Edward Scissorhands

Based on the 1990 Tim Burton film, Edward Scissorhands has been reimagined by dance visionary Matthew Bourne for the stage and this stunning production consists of powerful storytelling and mesmerising routines throughout, showing that Edward may have scissors for hands, but he has a heart of gold and simply yearns for a happy life.

Firstly, the staging by Lez Brotherston is worthy of a block buster film. Each scene depicts the Middle America suburbia that Edward finds himself thrust into, aswell as the darker moments as we journey with him from his original birthplace to the cemetery and beyond. There is no expense spared and the attention to detail is second to none, even down to umbrellas scattered with rain drops during the opening scene.  It is this level of artistry that elevates Bourne’s productions to some of the best on current UK stages.
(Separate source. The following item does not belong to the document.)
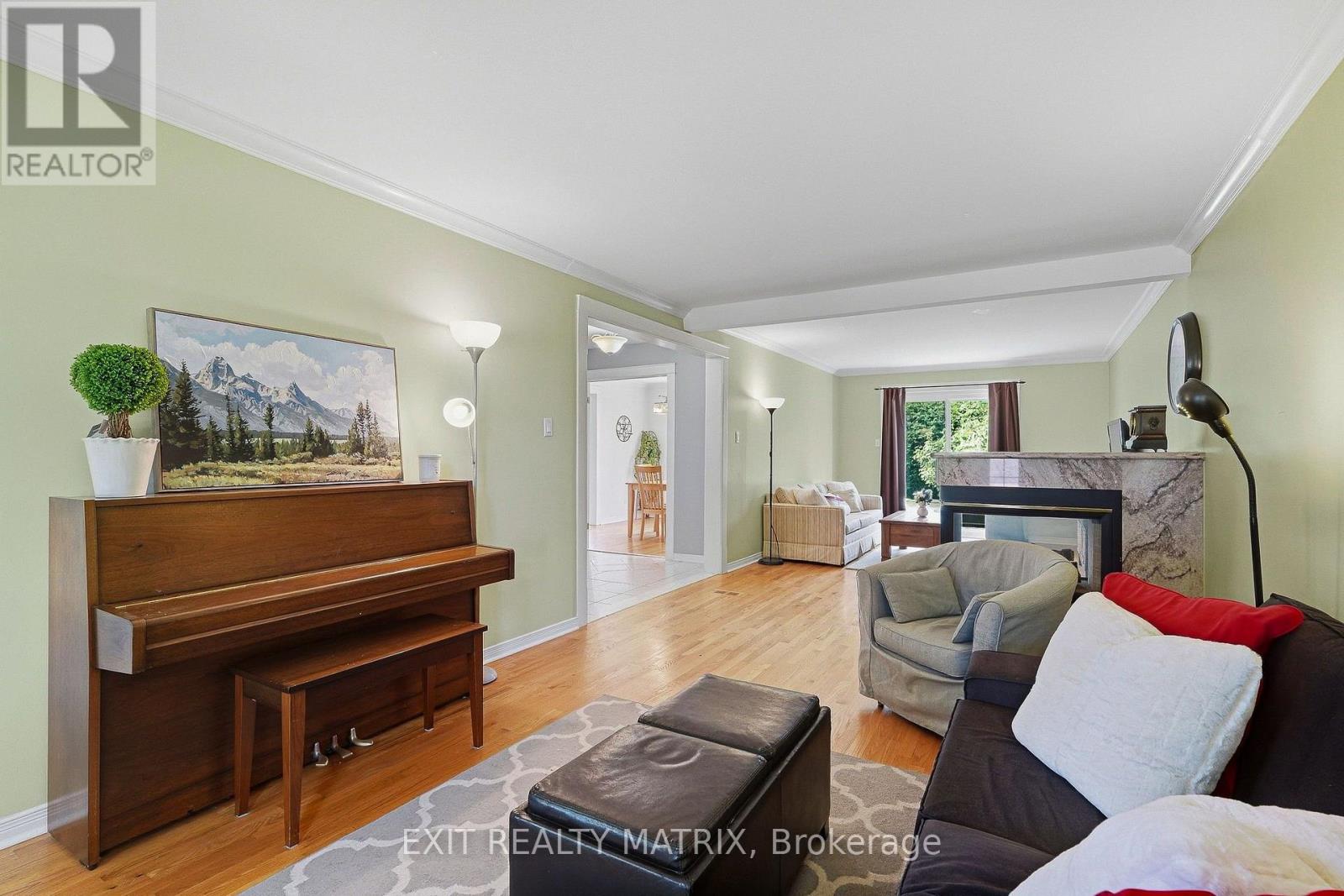 1886 CHAINE COURT, Ottawa — photo 9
Liam Mowers dons the infamous metal shears as Edward and does so quite magnificently.  Every movement is well thought through, with each emotion emblazoned across his face as he encounters people who love him, and people who want rid of him.  In fact, the facial expressions by each of the performers is an important element that drives the story along, and I’m always so impressed at how Bourne is able to tell a story so well without any words.  There is no confusion with what is happening in front of your eyes, you can decipher the storyline purely by expression and that is a true art.

The music and arrangements by Terry Davies offers an eclectic mix of styles throughout with every piece marrying so well to each scene, offering us softer music for the more romantic moments between Edward and love interest Kim Boggs (Ashley Shaw), to more upbeat numbers for the party scenes.

There are so many elements to discuss when watching a Matthew Bourne production as the stage is filled to the brim with incredible talent and beautiful staging.  The costuming in particular, by Lez Brotherston is inspired.  With Edward’s costume being the standout, this is followed up by the most amazing topiary outfits worn by the dancers.  A real spectacle for the eyes.  As well as the many fantastic wigs created at the hands, or should I say scissors of Edward, down to the every day wear, which has a 1950's feel, the overall look is very well executed.

As we navigate our way through Edwards happy moments, we meet many other members of the community he has been taken into thanks to Peg Boggs (Sophia Hurdley), Bill Boggs (Dominic North) and their children Kim (Ashley Shaw) and Kevin (Xavier Andriambolanoro Sotiya).  Particular mention to Nicole Kabera as Joyce Monroe, the vixen of the street who takes a liking to any man who isn’t her husband, played magnificently by Luke Murphy. The comic timing and physicality of the pair was a pleasure to watch.

Edward Scissorhands is a story of acceptance, belonging, innocence, compassion, sadness and wonder and Matthew Bourne’s production certainly is a cut above the rest.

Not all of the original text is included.